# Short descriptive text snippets
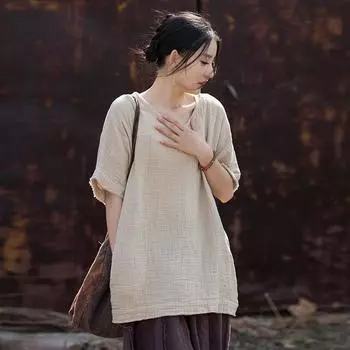 Женские винтажные футболки Johnature с V-образным вырезом и коротким рукавом, однотонные летние женские повседневные футболки One Size чёрный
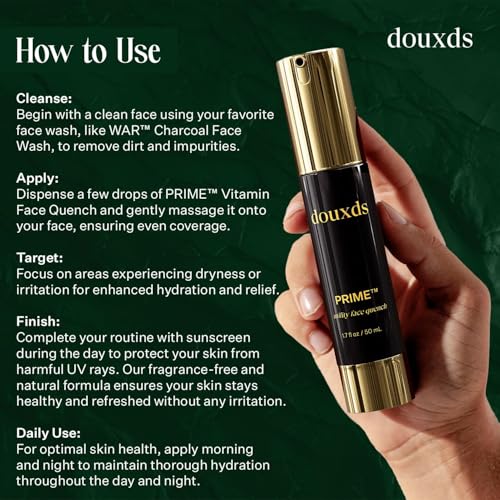 douxds PRIME™ Vitamin Quench Face Cream, Hydrating Face Cream Smooth Skin, Radiant Glow in Men's Skincare, Smooth Skin Repair, Contains Aloe Vera, Face Moisturizer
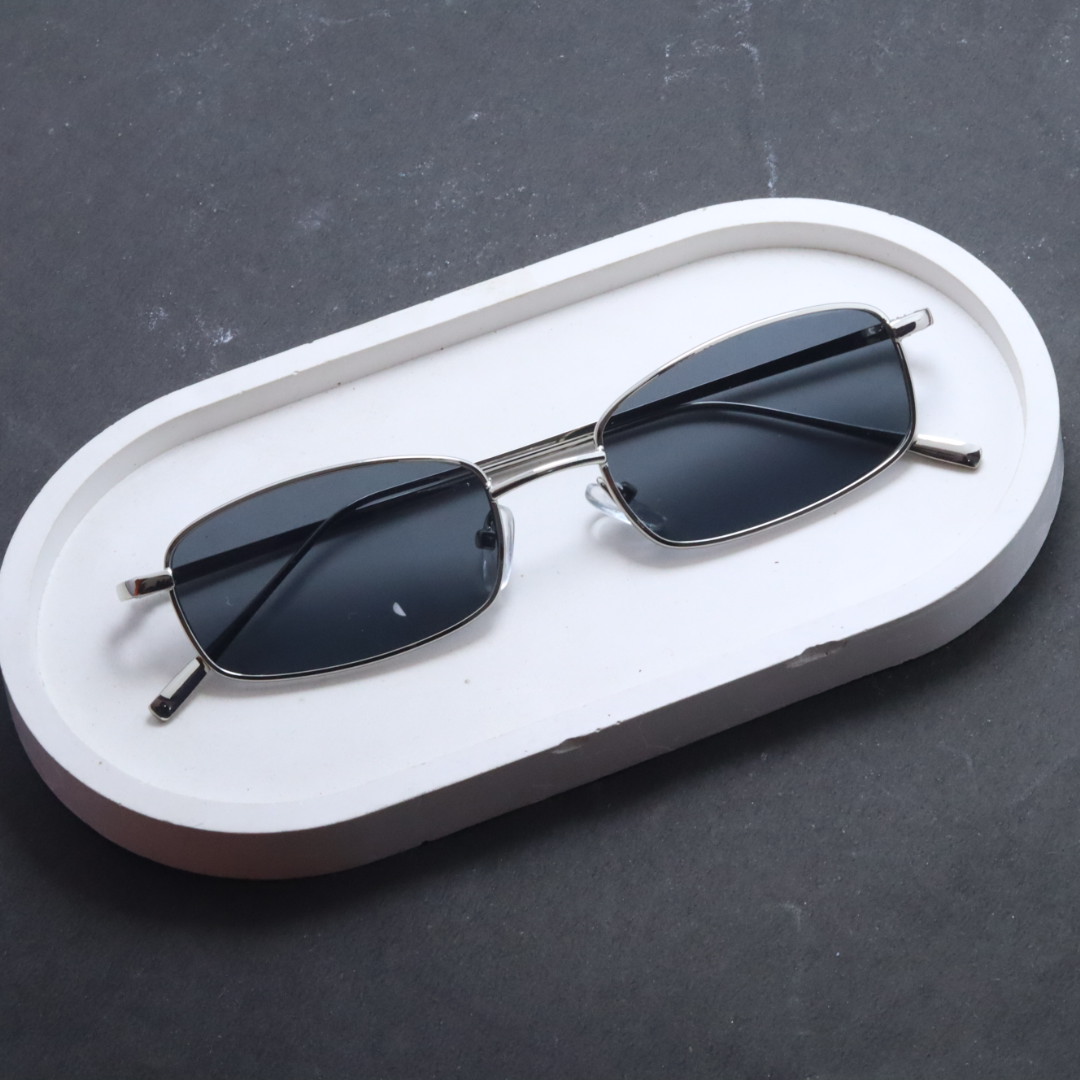 Golden Frame Round Trendy Light Black Shades Sunglasses -Unisex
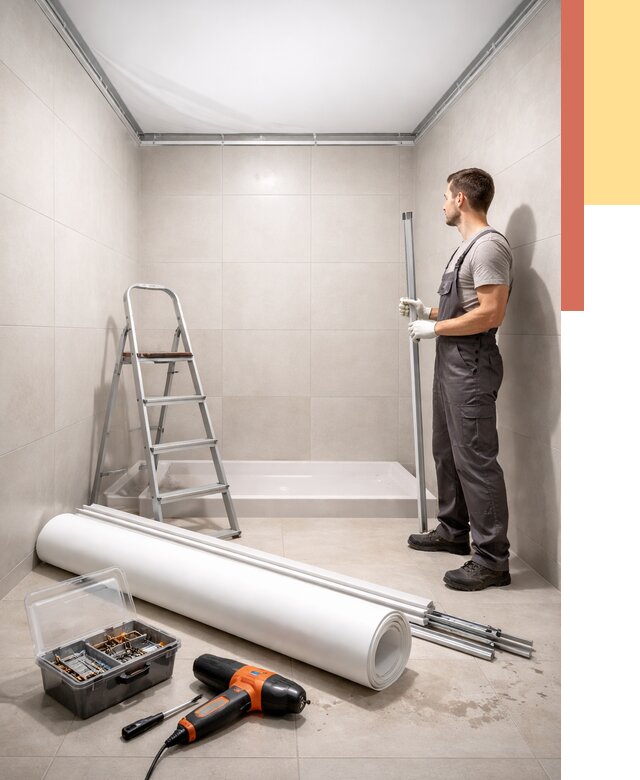 Монтаж натяжного потолка в санузле в Усолье-Сибирском от 1909 руб. — ОТДЕЛОЧНИК-Сль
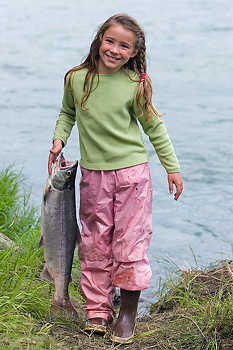 Girl Salmon Fishing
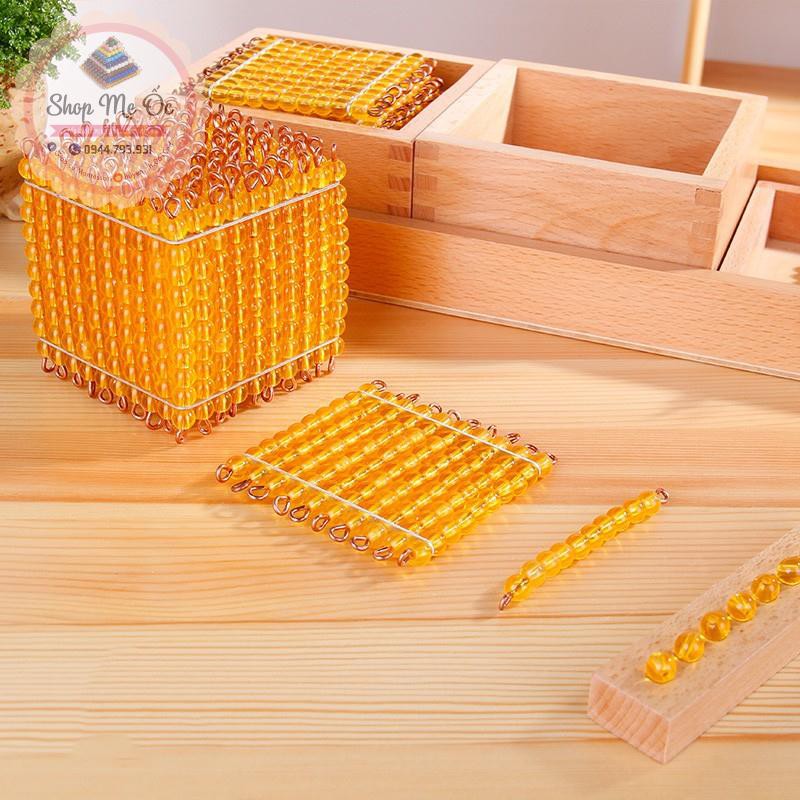 Giáo cụ Montessori - Bộ cườm vàng hệ thập phân (Có sẵn)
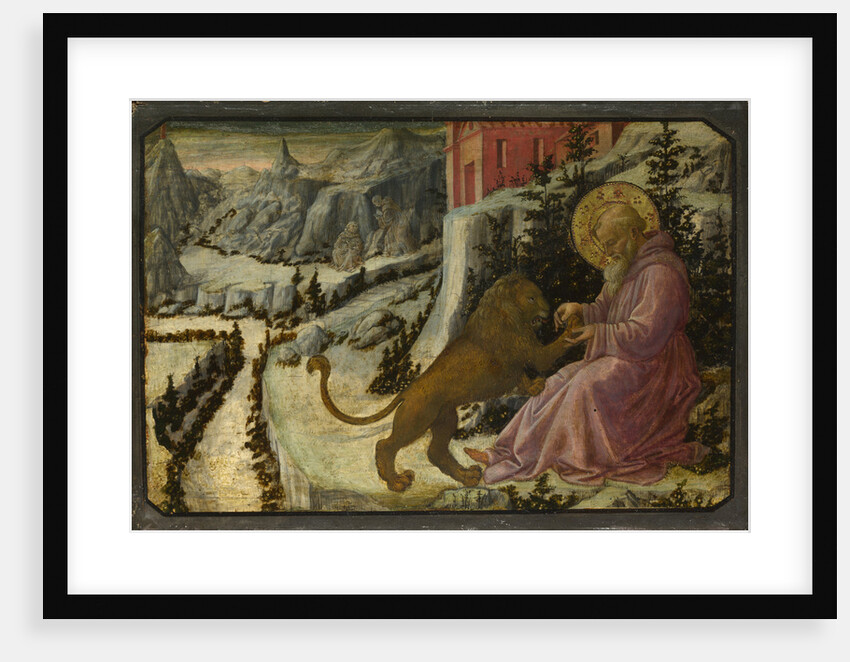 Saint Jerome and the Lion (Predella Panel of the Pistoia Santa Trinità Altarpiece), 1455-1460 by Fra Filippo Lippi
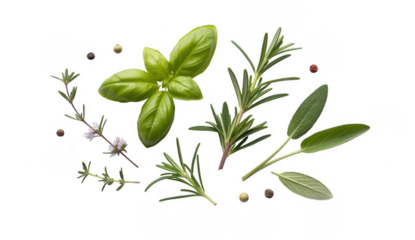 Fresh herbs and spices basil rosemary isolated on a transparent background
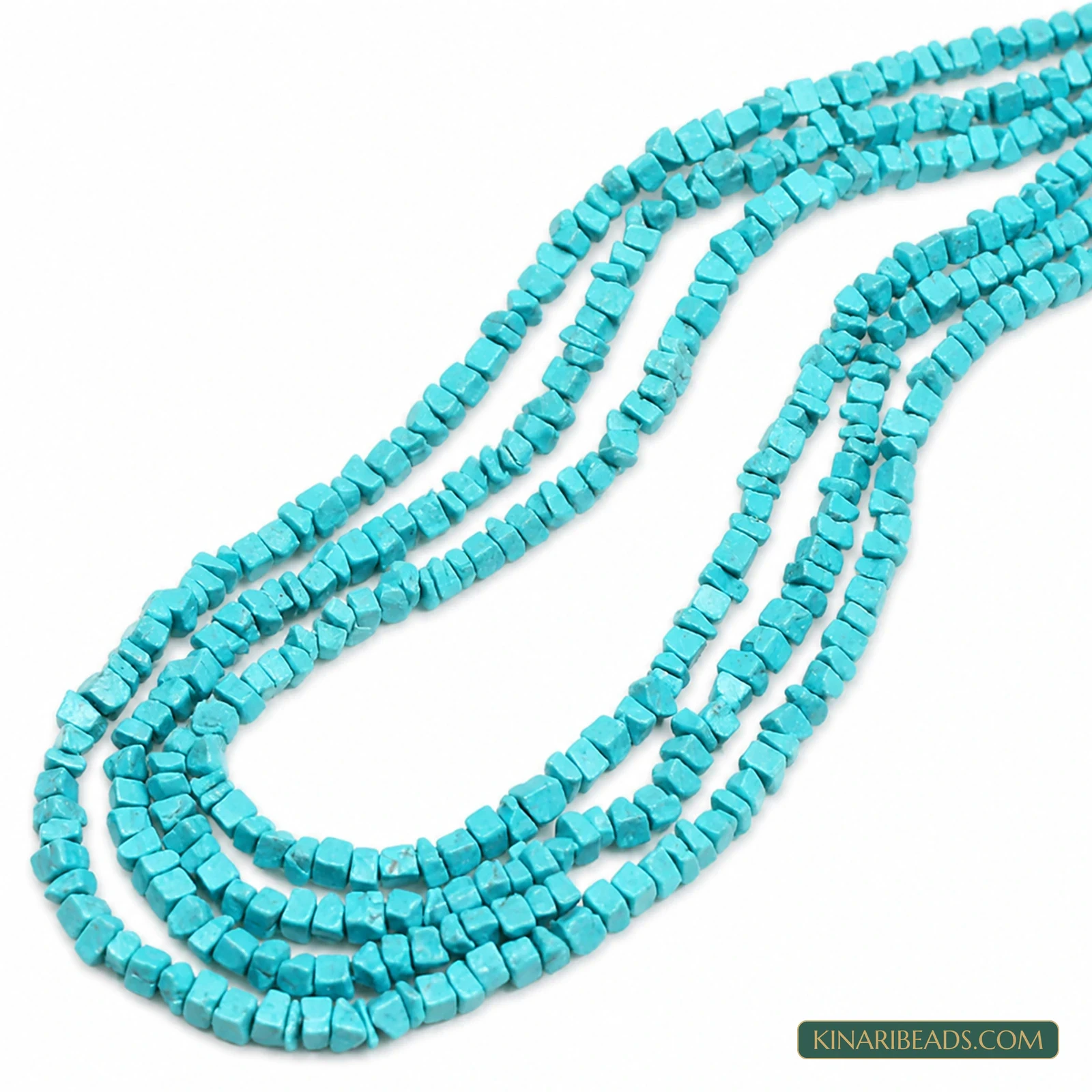 2 Strings 4mm Uncut Semiprecious Howlite Beads – 7 Colours - Turquoise colour
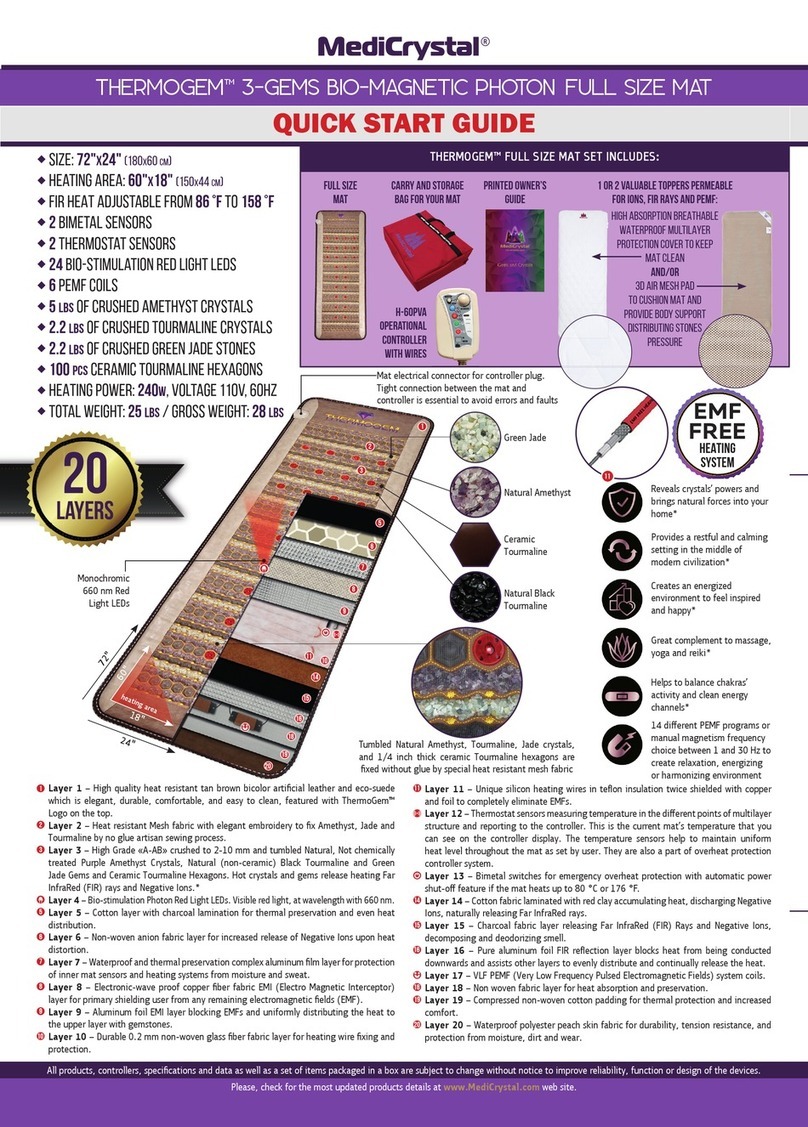 MediCrystal THERMOGEM 3-GEMS BIO-MAGNETIC PHOTON FULL SIZE... quick start guide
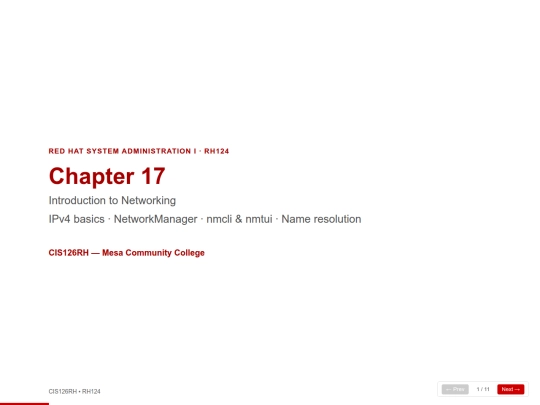 cis126rh/RH124_Chapter_17___Introduction_to_Networking_Presentation screenshot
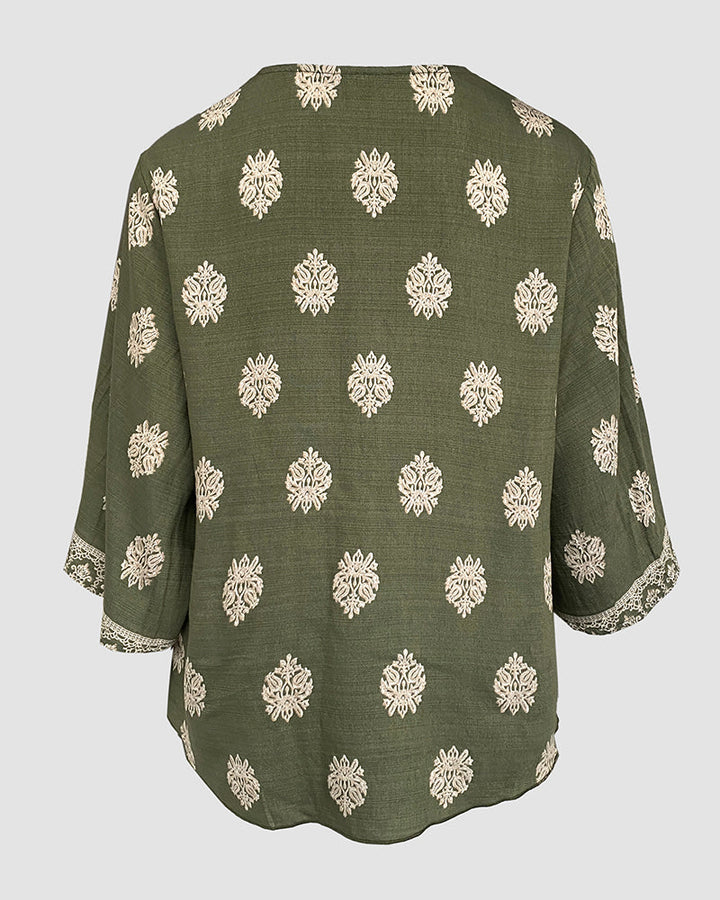 Floral Print V Neck Long Sleeve Blouse Casual Loose Fit Top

# EXERCISE DETAILS
Quote, word for word and nothing more, every line from the line with "Монтаж натяжного потолка" to the end of the entries, including both ends; skip any pictures.

# RESPONSE TO THIS EXERCISE
 Монтаж натяжного потолка в санузле в Усолье-Сибирском от 1909 руб. — ОТДЕЛОЧНИК-Сль
 Girl Salmon Fishing
 Giáo cụ Montessori - Bộ cườm vàng hệ thập phân (Có sẵn)
 Saint Jerome and the Lion (Predella Panel of the Pistoia Santa Trinità Altarpiece), 1455-1460 by Fra Filippo Lippi
 Fresh herbs and spices basil rosemary isolated on a transparent background
 2 Strings 4mm Uncut Semiprecious Howlite Beads – 7 Colours - Turquoise colour
 MediCrystal THERMOGEM 3-GEMS BIO-MAGNETIC PHOTON FULL SIZE... quick start guide
 cis126rh/RH124_Chapter_17___Introduction_to_Networking_Presentation screenshot
 Floral Print V Neck Long Sleeve Blouse Casual Loose Fit Top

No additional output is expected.